**Exercise requirements**
Drop the pictures and repeat the remaining data exactly.

**Data excerpt**

╭──

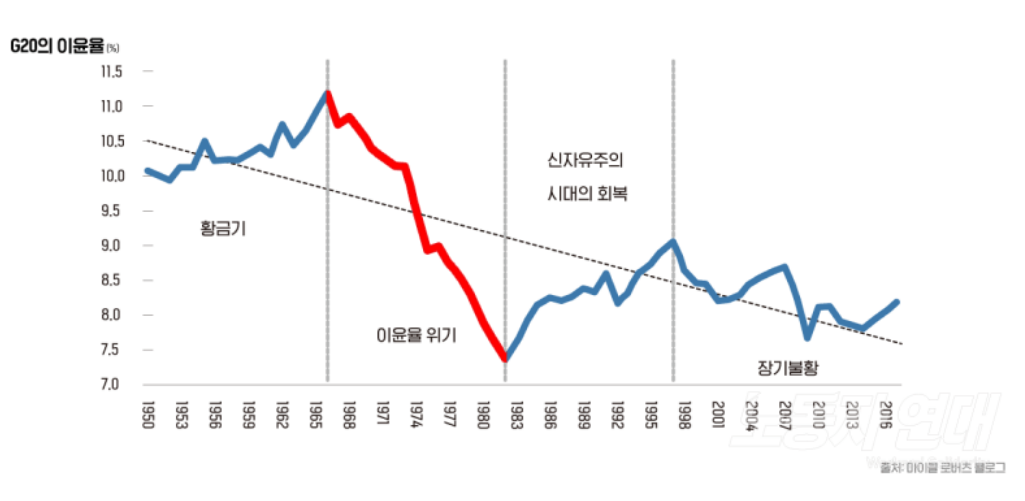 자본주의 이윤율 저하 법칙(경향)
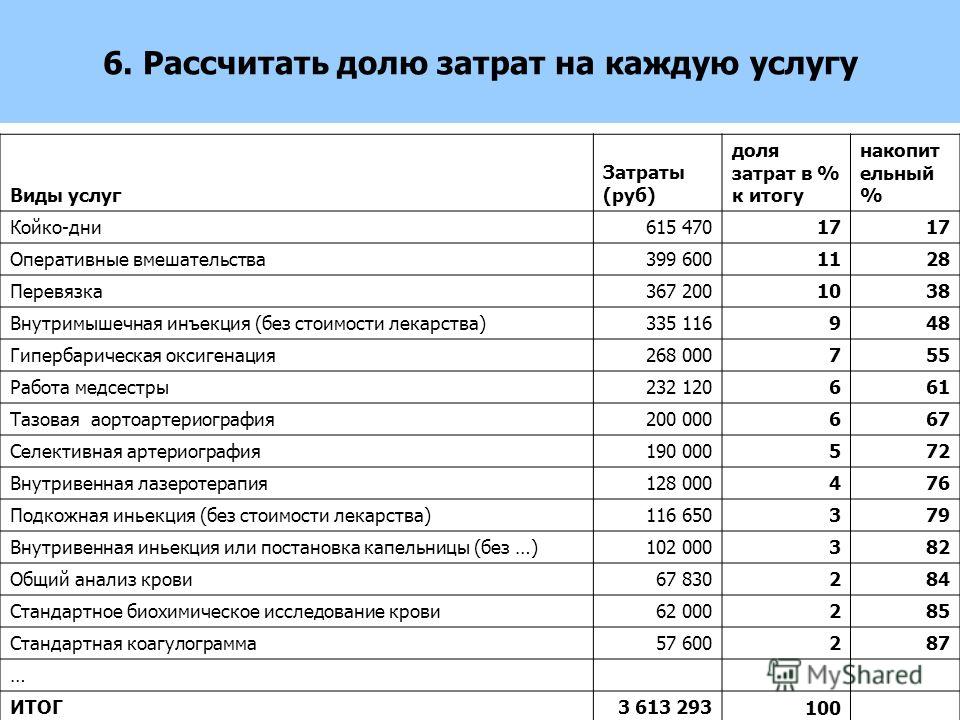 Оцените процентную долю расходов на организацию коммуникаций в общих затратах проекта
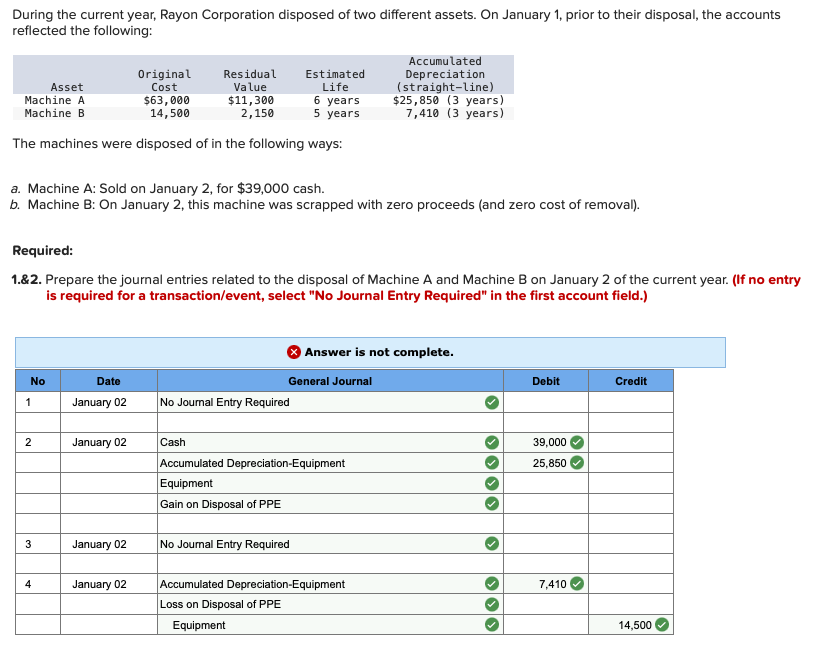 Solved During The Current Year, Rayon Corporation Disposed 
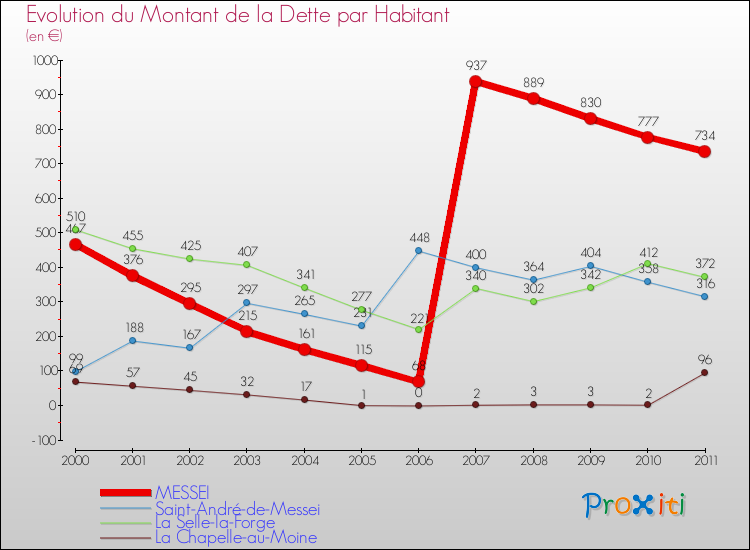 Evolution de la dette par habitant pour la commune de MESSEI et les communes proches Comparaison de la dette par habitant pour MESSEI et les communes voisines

╰──

**Completed exercise**
 자본주의 이윤율 저하 법칙(경향)
 Оцените процентную долю расходов на организацию коммуникаций в общих затратах проекта
 Solved During The Current Year, Rayon Corporation Disposed 
 Evolution de la dette par habitant pour la commune de MESSEI et les communes proches Comparaison de la dette par habitant pour MESSEI et les communes voisines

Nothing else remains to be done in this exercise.